START RECORDS PROVIDED

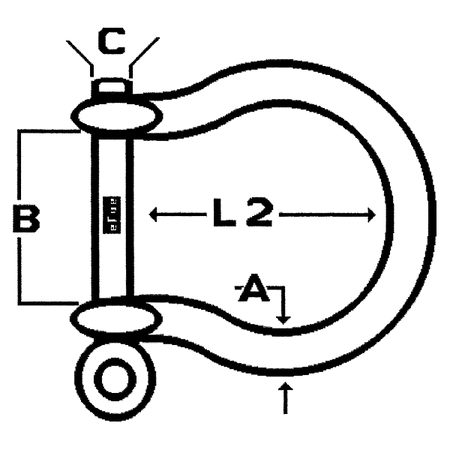 LT 08558110
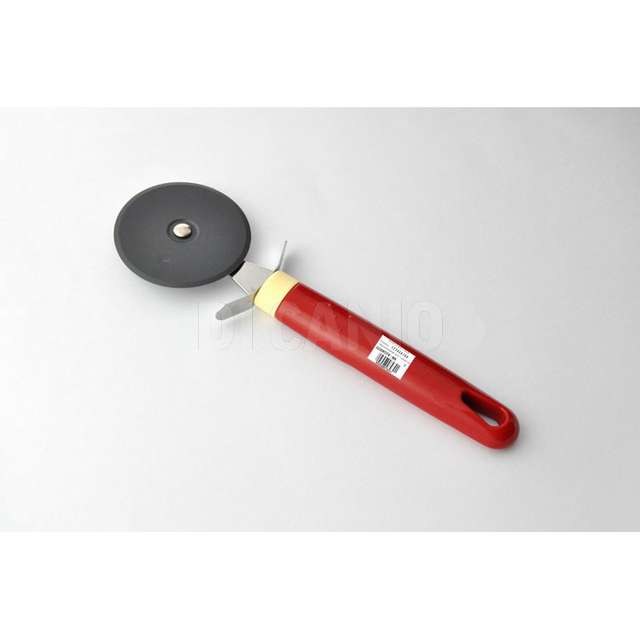 Tagliapizza cm6,5 nylon soft svanera - Principale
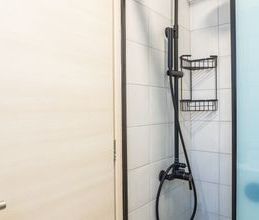 Studio/Γκαρσονιέρα για ενοικίαση - Χανιά, - Photo 6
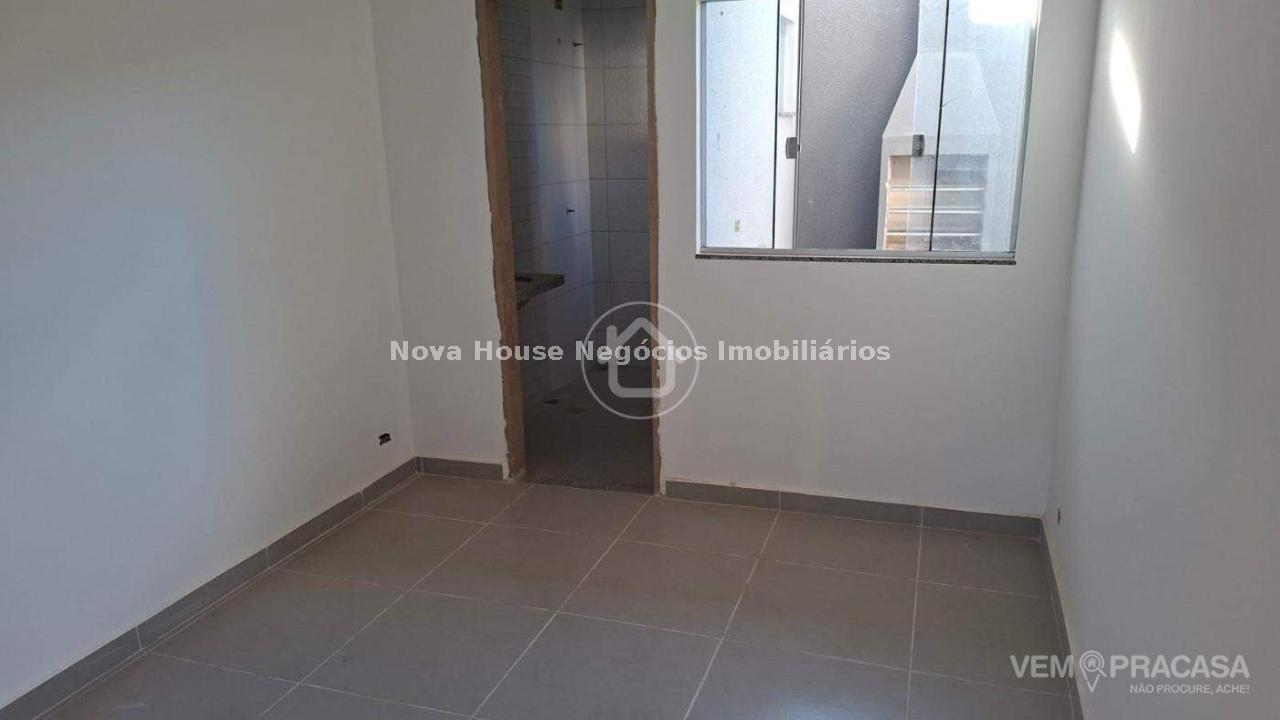 Casa Térrea à venda na Vila Santa Luzia, Campo Grande – foto 36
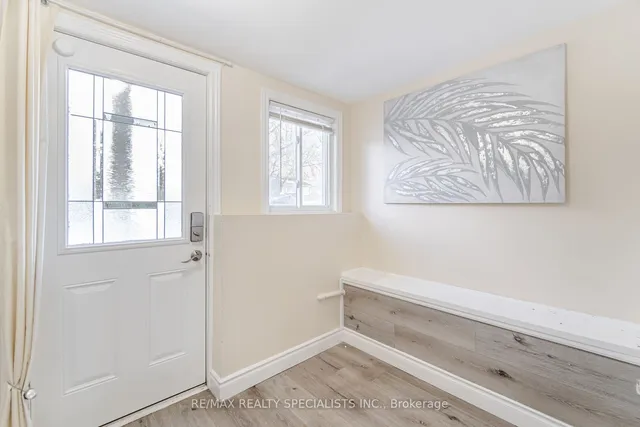 Additional image 3 of 66 Gledhill Cres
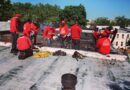 Future Of Flat Roofing in Queens: New Materials And Technologies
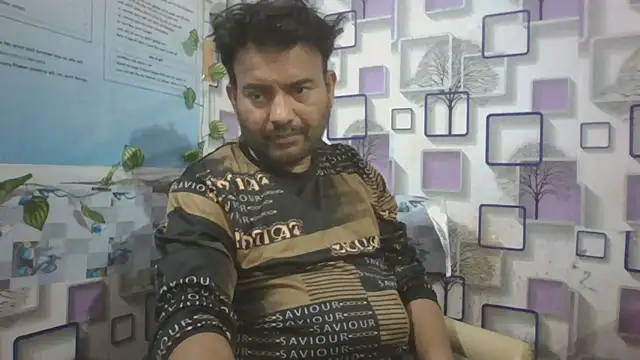 Snapshot of KUMA_500 chatting on 20, 2, 2026 KUMA 500 online show from 20, 2, 2026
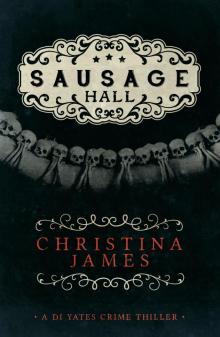 Sausage Hall Read online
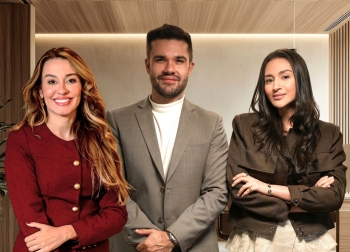 5G Company: a Escola de Negócios que vem redefinindo os resultados dos empresários da saúde no Brasil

END RECORDS PROVIDED

▶ AIM OF THE EXERCISE
When you reach a picture, pass over it; write out all other material exactly.

▶ EXPECTED ANSWER
 LT 08558110
 Tagliapizza cm6,5 nylon soft svanera - Principale
 Studio/Γκαρσονιέρα για ενοικίαση - Χανιά, - Photo 6
 Casa Térrea à venda na Vila Santa Luzia, Campo Grande – foto 36
 Additional image 3 of 66 Gledhill Cres
 Future Of Flat Roofing in Queens: New Materials And Technologies
 Snapshot of KUMA_500 chatting on 20, 2, 2026 KUMA 500 online show from 20, 2, 2026
 Sausage Hall Read online
 5G Company: a Escola de Negócios que vem redefinindo os resultados dos empresários da saúde no Brasil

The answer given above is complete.